Indeed, Bigg Boss has crossed all limits of decency and the way things are happening in there makes many to cry ‘Fake & Phoney’! From the various internet fora to letters of the GR8! readers, it is being openly alleged that the whole Bigg Boss brouhaha is stage-managed. They discern a systematic pattern there. For instance, a Kamal Khan goes all guns blazing in his first appearance and is at his nastiest best, but when he comes back after elimination, he turns into a travesty of his former belligerent self and is tame and tinny like a goat.
In the same way, the second coming of Dolly Bindra in the Season-4 is a far cry from her spitfire self, when she came for the first time in the show. Besides, most conveniently for the audience, the Gharwaalas keep talking to the camera and vomiting out their bile about each other.
All this sham is always more than evident in all things Bigg Boss – a Sarah Khan sighs and swoons over an Ashmit Patel like – as said a GR8! Reader - ‘a cow in heat’, but then, suddenly, the beau turns into – hold your breath – a brother of hers and the entire farce moves to the second act where the fake Shaadi (fake, because in reality, it had already been solemnised quite some time back) of Sarah and Ali is celebrated and the whole thing is such a scream really, making asses of the audience with impunity.
But anyway, stage-managed or not is almost beside the point here in what we have to talk about. What galls us no end, is the kind of scenes being created by the likes of Dolly Bindra in there. You can, perhaps, condone sham, but you cannot turn a blind eye over the muck being raked in the foulest of language possible and beamed on National Television – no way!

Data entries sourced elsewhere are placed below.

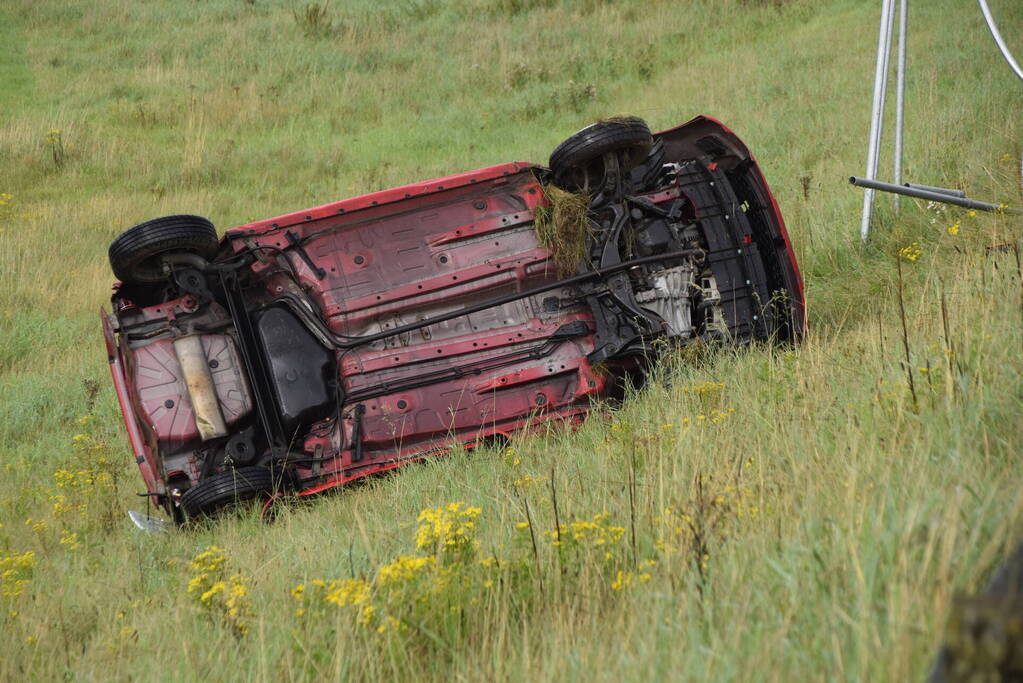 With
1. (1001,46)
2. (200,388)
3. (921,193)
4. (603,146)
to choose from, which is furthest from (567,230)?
(1001,46)

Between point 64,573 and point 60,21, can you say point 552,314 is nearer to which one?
point 64,573

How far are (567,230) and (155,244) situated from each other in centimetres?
254

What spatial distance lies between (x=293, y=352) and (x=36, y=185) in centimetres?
953

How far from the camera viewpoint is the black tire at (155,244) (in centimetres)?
545

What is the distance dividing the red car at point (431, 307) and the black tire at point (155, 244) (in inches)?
0.5

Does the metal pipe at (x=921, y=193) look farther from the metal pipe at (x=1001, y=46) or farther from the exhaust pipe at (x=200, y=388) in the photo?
the exhaust pipe at (x=200, y=388)

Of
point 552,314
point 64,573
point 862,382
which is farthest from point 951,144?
point 64,573

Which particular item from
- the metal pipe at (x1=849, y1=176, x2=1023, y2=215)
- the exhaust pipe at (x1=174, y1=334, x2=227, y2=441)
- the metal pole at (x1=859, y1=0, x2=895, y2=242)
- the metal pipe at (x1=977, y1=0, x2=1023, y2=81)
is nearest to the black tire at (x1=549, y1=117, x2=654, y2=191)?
the metal pipe at (x1=849, y1=176, x2=1023, y2=215)

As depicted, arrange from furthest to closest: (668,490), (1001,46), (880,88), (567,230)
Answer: (880,88)
(567,230)
(1001,46)
(668,490)

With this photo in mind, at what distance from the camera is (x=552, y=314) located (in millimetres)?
5992

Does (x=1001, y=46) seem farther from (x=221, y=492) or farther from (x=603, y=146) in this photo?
(x=221, y=492)

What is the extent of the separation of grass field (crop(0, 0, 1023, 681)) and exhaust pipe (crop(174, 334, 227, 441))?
0.67 metres

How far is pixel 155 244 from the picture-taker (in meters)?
5.46

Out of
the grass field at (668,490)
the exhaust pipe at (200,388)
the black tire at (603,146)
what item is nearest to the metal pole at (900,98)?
the grass field at (668,490) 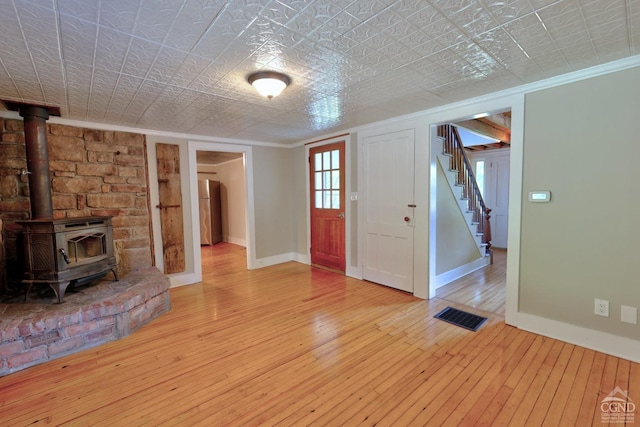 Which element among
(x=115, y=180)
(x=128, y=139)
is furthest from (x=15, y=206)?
(x=128, y=139)

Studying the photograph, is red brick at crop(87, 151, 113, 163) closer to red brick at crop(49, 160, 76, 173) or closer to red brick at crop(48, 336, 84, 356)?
red brick at crop(49, 160, 76, 173)

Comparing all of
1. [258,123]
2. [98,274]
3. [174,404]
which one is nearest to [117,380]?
[174,404]

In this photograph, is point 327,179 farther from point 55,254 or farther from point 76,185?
point 55,254

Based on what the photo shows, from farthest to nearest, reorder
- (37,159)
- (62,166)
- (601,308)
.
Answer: (62,166) < (37,159) < (601,308)

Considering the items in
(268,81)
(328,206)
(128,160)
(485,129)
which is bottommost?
(328,206)

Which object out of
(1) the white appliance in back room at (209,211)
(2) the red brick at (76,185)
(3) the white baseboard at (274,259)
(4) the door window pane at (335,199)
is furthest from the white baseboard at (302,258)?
(2) the red brick at (76,185)

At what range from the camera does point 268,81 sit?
2.17 m

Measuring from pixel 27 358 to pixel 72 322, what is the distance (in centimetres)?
35

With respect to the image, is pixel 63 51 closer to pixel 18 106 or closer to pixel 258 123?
pixel 18 106

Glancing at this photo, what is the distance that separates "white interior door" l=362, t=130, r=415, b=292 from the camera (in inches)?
140

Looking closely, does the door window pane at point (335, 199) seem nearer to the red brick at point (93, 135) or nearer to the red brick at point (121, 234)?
the red brick at point (121, 234)

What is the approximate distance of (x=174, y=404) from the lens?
1.80m

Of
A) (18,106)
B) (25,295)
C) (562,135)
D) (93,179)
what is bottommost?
(25,295)

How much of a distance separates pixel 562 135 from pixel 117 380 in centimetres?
396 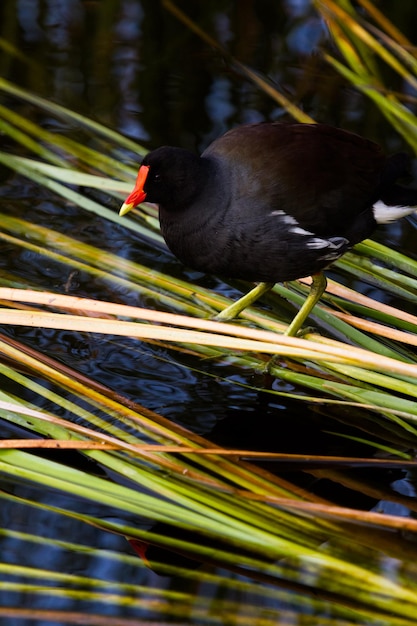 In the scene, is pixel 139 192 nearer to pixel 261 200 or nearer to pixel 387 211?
pixel 261 200

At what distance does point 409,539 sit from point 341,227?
1.09 meters

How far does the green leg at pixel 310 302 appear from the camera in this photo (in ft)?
9.84

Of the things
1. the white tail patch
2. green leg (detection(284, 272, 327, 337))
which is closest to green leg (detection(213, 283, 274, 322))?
green leg (detection(284, 272, 327, 337))

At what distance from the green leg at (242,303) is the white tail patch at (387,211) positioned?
424mm

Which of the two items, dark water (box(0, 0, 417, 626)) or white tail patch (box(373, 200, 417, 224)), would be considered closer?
dark water (box(0, 0, 417, 626))

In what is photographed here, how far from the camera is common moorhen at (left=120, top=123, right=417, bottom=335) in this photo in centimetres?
279

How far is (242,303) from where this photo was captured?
10.2ft

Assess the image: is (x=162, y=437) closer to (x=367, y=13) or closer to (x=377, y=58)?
(x=377, y=58)

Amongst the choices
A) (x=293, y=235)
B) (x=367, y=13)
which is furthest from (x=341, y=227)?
(x=367, y=13)

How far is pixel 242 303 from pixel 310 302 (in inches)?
9.1

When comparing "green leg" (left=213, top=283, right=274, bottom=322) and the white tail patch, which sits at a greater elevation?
the white tail patch

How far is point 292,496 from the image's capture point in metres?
2.35

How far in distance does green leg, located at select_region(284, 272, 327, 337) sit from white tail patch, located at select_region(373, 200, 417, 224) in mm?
286

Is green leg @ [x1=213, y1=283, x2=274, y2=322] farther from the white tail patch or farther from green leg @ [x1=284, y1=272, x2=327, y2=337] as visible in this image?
A: the white tail patch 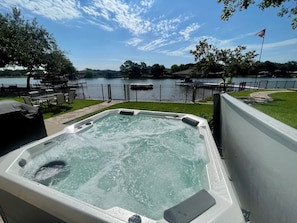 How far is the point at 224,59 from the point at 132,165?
14.2 m

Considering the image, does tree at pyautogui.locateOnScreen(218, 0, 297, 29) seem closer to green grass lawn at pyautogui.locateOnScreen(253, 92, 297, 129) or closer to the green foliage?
green grass lawn at pyautogui.locateOnScreen(253, 92, 297, 129)

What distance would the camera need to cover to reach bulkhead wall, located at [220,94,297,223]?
122 cm

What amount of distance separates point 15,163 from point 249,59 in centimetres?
1694

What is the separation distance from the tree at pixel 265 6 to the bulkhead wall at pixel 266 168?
724 centimetres

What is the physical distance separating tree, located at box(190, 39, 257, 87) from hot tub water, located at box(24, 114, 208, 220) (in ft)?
39.1

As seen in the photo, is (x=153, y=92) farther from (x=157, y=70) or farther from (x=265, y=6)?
(x=157, y=70)

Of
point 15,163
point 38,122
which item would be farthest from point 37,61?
point 15,163

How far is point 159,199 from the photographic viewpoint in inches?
85.4

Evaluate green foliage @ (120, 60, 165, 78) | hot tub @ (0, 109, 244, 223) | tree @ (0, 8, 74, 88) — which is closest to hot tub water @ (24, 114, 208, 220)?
hot tub @ (0, 109, 244, 223)

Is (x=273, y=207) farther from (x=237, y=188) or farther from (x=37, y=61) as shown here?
(x=37, y=61)

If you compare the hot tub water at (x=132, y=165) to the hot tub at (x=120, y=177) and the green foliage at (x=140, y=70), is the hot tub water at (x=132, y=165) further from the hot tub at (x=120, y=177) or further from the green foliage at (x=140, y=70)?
the green foliage at (x=140, y=70)

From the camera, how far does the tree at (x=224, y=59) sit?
13.9 metres

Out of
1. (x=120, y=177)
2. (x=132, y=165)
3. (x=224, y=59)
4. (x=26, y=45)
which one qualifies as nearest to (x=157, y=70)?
(x=26, y=45)

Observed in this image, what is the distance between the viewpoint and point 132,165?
302 centimetres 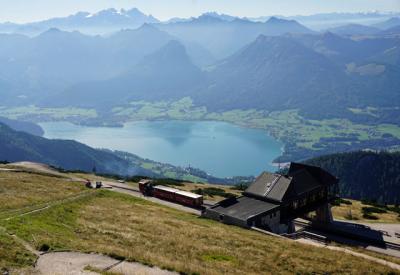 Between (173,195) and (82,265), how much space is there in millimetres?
47373

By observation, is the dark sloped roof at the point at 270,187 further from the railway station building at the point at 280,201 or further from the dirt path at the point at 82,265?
the dirt path at the point at 82,265

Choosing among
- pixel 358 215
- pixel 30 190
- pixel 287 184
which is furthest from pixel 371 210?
pixel 30 190

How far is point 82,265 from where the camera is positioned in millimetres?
33094

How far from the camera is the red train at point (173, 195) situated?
7656 cm

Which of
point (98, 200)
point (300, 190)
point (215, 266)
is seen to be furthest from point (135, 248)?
point (300, 190)

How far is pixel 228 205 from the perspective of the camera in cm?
6925

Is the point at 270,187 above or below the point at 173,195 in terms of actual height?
above

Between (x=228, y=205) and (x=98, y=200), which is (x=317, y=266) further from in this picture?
(x=98, y=200)

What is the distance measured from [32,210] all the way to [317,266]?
101 feet

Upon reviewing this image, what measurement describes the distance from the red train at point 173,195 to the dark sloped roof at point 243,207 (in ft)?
26.7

The exemplary Dolly Bindra, playing the cantankerous shrew to the hilt, makes all hell break loose on the likes of Ashmit Patel, Shweta Tiwari, Manoj Tiwari and what have you. The words she spits out at them could never have echoed in your living rooms, but for Bigg Boss!
‘Shweta Ki ‘Uss’Mein Ghus Jao’, she tells Manoj Tiwari, but it is with Ashmit that she is always at her most malevolent best. The man also provokes him like nobody business… ‘Talk to my hand’ he smirks at her and she screams – ‘Apne Haath Ko Apni **** Mein Daal De!’ At this, he makes an amendment, ‘Ok, talk to my finger!’ and she thunders – ‘Finger daalna R*ya S*n Ki Uss Mein Jaake… MMS, Toh Tuune Khuub Banaya Tha…!’ Here is another nugget – ‘I won’t call you a loser, I’ll call you an ‘L’!’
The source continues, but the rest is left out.